Tucked away and hidden from the outside world in a remote valley surrounded by red sandstone resides a small, K-12 school district located on the Navajo Reservation. It is a place that time appears to have forgotten. Large, institutional buildings painted in bland, government-issued paint juxtapose the haunting beauty and intense colors of the Southwest. The buildings are old and in various states of disrepair. It is 2018, and the buildings are likely not up to code and are painfully uninspiring. Most still have asbestos and obsolete heating, cooling, and wiring systems that are faulty and perhaps even dangerous. The school is surrounded by an eight-foot chain-link fence with slats that make it impossible to see past school grounds. The school, on first impression, looks like a prison. There is a general sense of low morale. Unfortunately, this scenario is far from unusual. Schools on the Navajo Nation, like many Indian reservations throughout the country, have been historically and systematically overlooked. Structures that elsewhere would be condemned continue to operate on reservations, standing for the proposition that American Indian students and their education continue to be deprioritized and undervalued. Solutions addressing American Indian education, over its 200-year history, remain scant and disproportionate.

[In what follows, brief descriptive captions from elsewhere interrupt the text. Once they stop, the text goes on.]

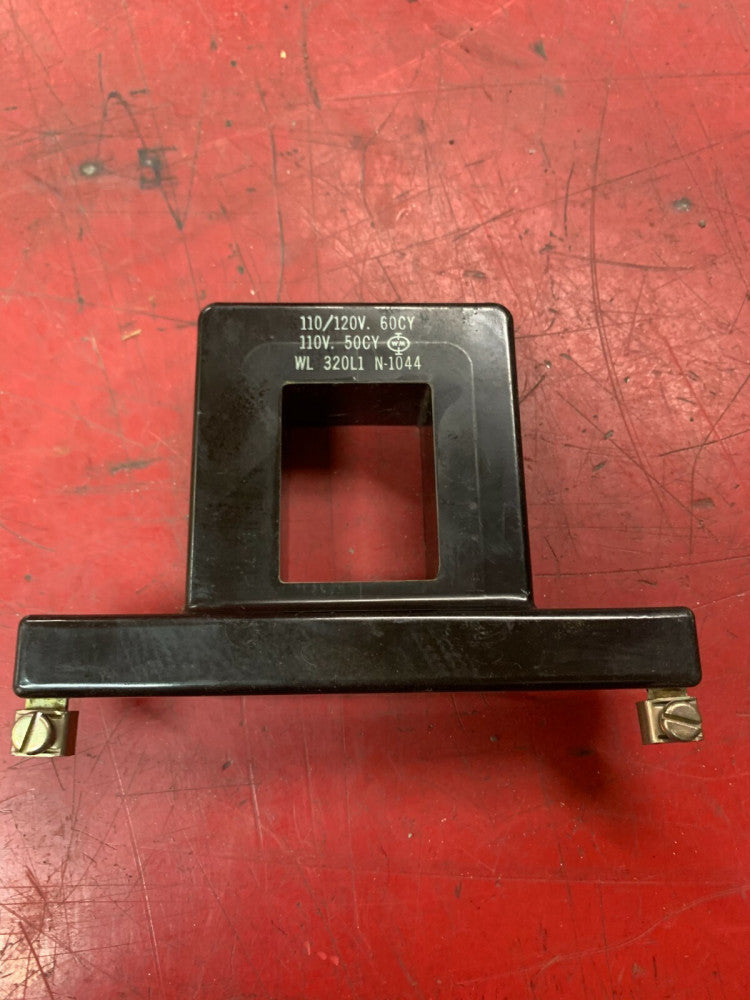 NEW NO BOX WARD LEONARD 110/120V. COIL 320L1N-1044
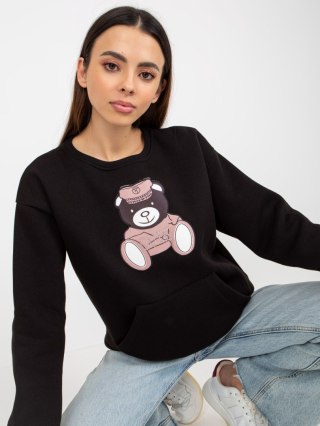 Bluza EM-BL-HS-21-538.31P czarny L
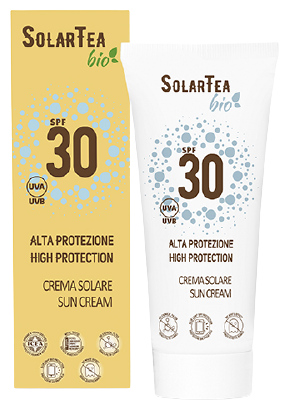 Crema Alta Protezione Solare 100 ml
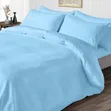 4pc Striped Cotton Duvet Set | 6x7 ft - 5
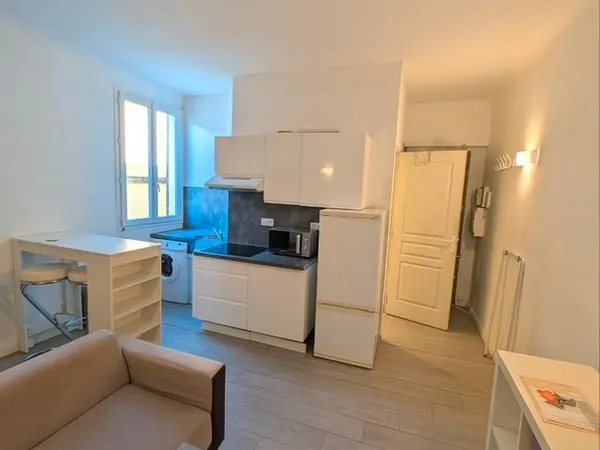 T2 plein centre pour saisonnier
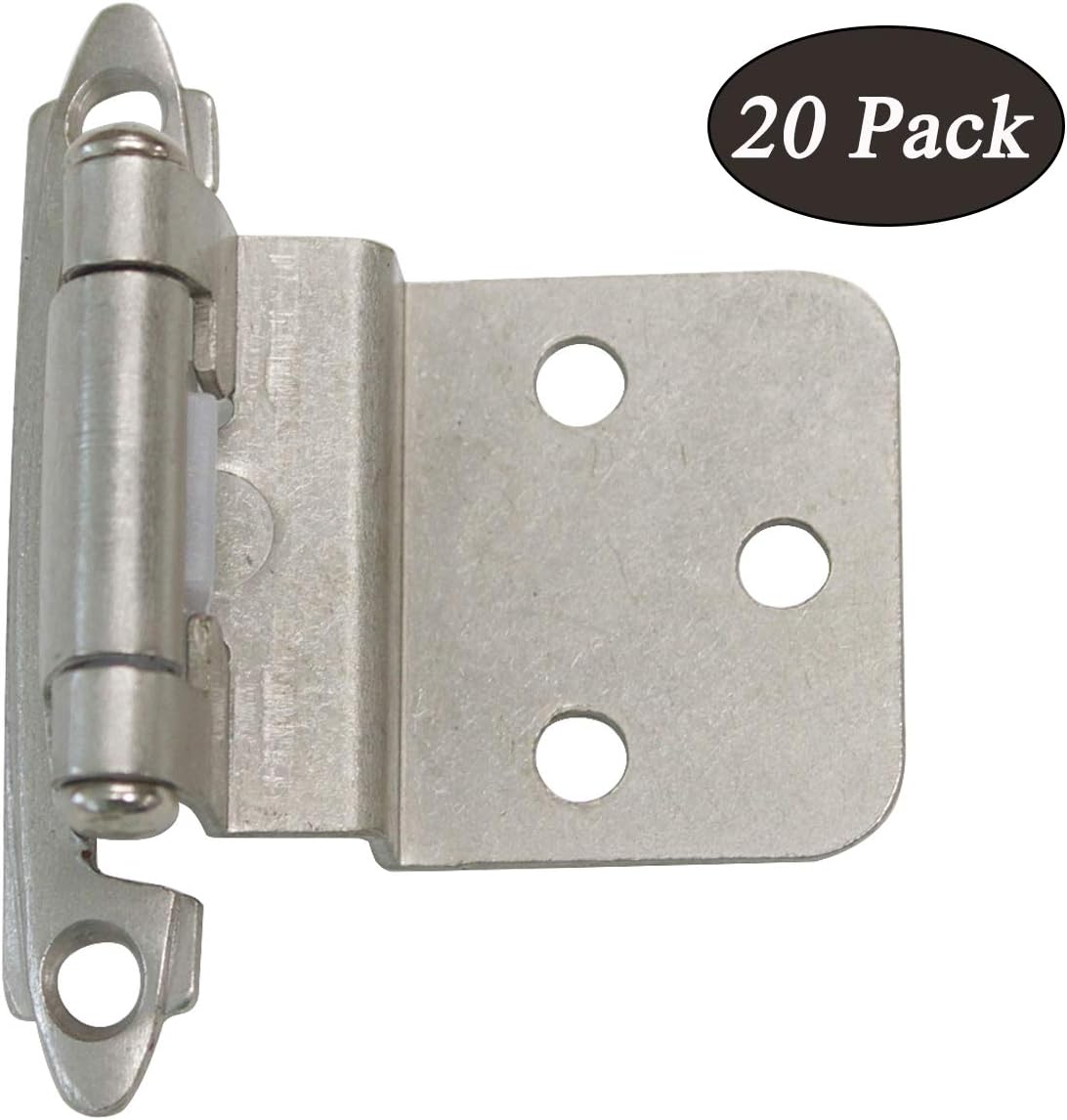 Best 3/8 Inch Kitchen Cabinet Hinges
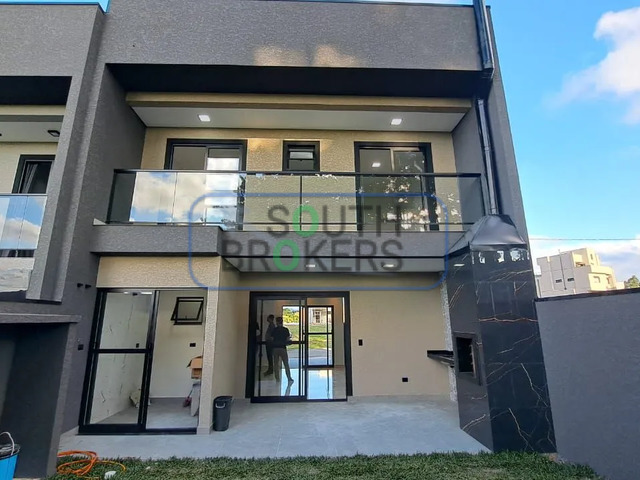 #536 - Casa para Venda em São José dos Pinhais - PR - 3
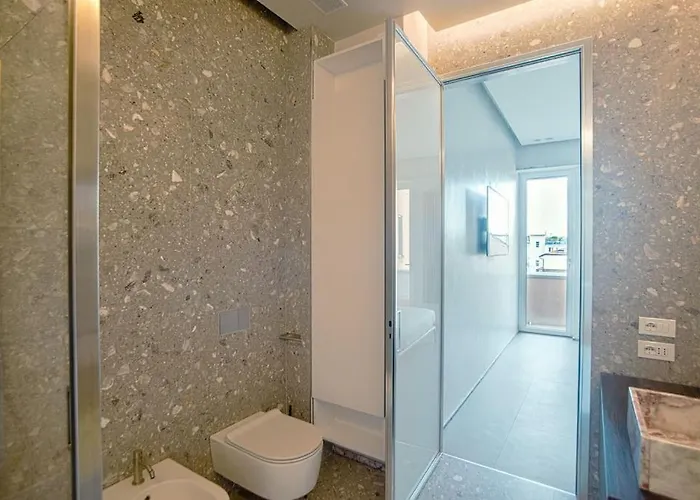 Repubblica Lux Apartman *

It took the government over one-hundred years after the inception of schools for American Indian students to address the social status of American Indians around the country. This was accomplished in the 1928 Meriam Report, which served as the first ever formal government initiative aimed at addressing the grim realities of life for American Indians nationally.
In 1965, the Elementary and Secondary Education Act established Title I, a program specifically aimed at providing support for education programs serving economically disadvantaged children. In 1969, the U.S. Senate’s Subcommittee on Indian Education’s dismal report on American Indian education, titled Indian Education: A National Tragedy—A National Challenge, decried the government’s failure in addressing the needs of American Indian students, to whom the government has recognized obligations. The Kennedy Report observed that of approximately 160,000 elementary and secondary tribal students nationwide, one-third were in Bureau of Indian Education schools and two-thirds were in public schools, but virtually all of the students were receiving an inadequate education. The Kennedy Report lauded the then-new Rough Rock Demonstration School on the Navajo Nation as being “the only example of a successful school under tribal control.” Today, Rough Rock Community School, as it has been renamed, maintains a strong Navajo Immersion Program that is recognized throughout the Navajo Nation.
In response to the Kennedy Report, renewed attention was given to American Indian education, leading to the passage of The Indian Education Act of 1972, which authorized funding to support three new initiatives aimed at assisting Indian students: (1) the formula grant program for the special educational needs of Indian students; (2) the discretionary grant program for a broad range of educational improvement initiatives; and (3) special Indian adult education and literacy grants. The prime aspect of this Act, which still stands today, is the formula grant program. The formula grant program requires public school districts to meet with parents and form parent committees. By mandating more community participation, the Indian Education Act established that equity of voice would replace unilateral decision making when it comes to matters involving education, consistent with the notion of tribal consultation.
Several other laws and measures pertaining to Indian education were passed between the 1970s and the twenty-first century. In 1998, President Bill Clinton issued Executive Order No. 13096, formally addressing American Indian education through comprehensive measures. After a series of meetings with tribes and the multi-organizational efforts in compiling an Indian education policy statement entitled Comprehensive Federal Indian Education Policy Statement, the Clinton Administration issued the Order. The Order addressed the “unique political and legal relationship of the Federal Government with tribal governments . . . .”
In 2001, following the reauthorization of the 1965 Elementary and Secondary Education Act, came the controversial No Child Left Behind Act, which required greater accountability of schools for teacher quality and results of high-stakes testing through implementation of “scientifically based research instruction.” No Child Left Behind, which has now been replaced by the Every Child Succeeds Act of 2015, contained many provisions regarding tribal governance in education. In light of No Child Left Behind’s passage came a new Executive Order, this time signed into effect by President George W. Bush in July 2002. The Order was intended to assist tribal students in meeting the rigorous academic standards of the No Child Left Behind Act in a manner consistent with tribal traditions, languages, and cultures.
In 2011, President Barack Obama issued a similar Executive Order, specifically addressing American Indian education and the need for the federal government, tribes, and other organizations to respond with a sense of urgency. The Order declared that federal agencies must help improve educational opportunities for all American Indian students in the public school setting, in schools operated by the Bureau of Indian Education, and in the postsecondary setting. Like its predecessors, it drew attention to the disparities in American Indian education, highlighting a general lack of access to high caliber teachers and strong, culturally congruent resources. It also drew attention to dropout rates and access to postsecondary opportunities. Federal agencies were to, in a collaborative fashion, engage in the collection and dissemination of data with tribal educational agencies, independent organizations, and state entities to develop sustainable strategies to address the issues raised within the Order.
Today, education is at the forefront of social concern, with educators leaving the profession in droves after post-recession budgets have dwindled to historic lows. Nationally, schools are being forced to cut out invaluable resources in the effort to retain what few high-quality teachers remain. States such as West Virginia, Oklahoma, Colorado, North Carolina, and Arizona have endured walk-outs lasting weeks as educators and others demand education funding be prioritized. Nationally, education is being confronted with deteriorating conditions, something school systems in Indian Country have known for too long. Yet, amidst the renewed national attention to education, the conversation concerning American Indian education appears non-existent.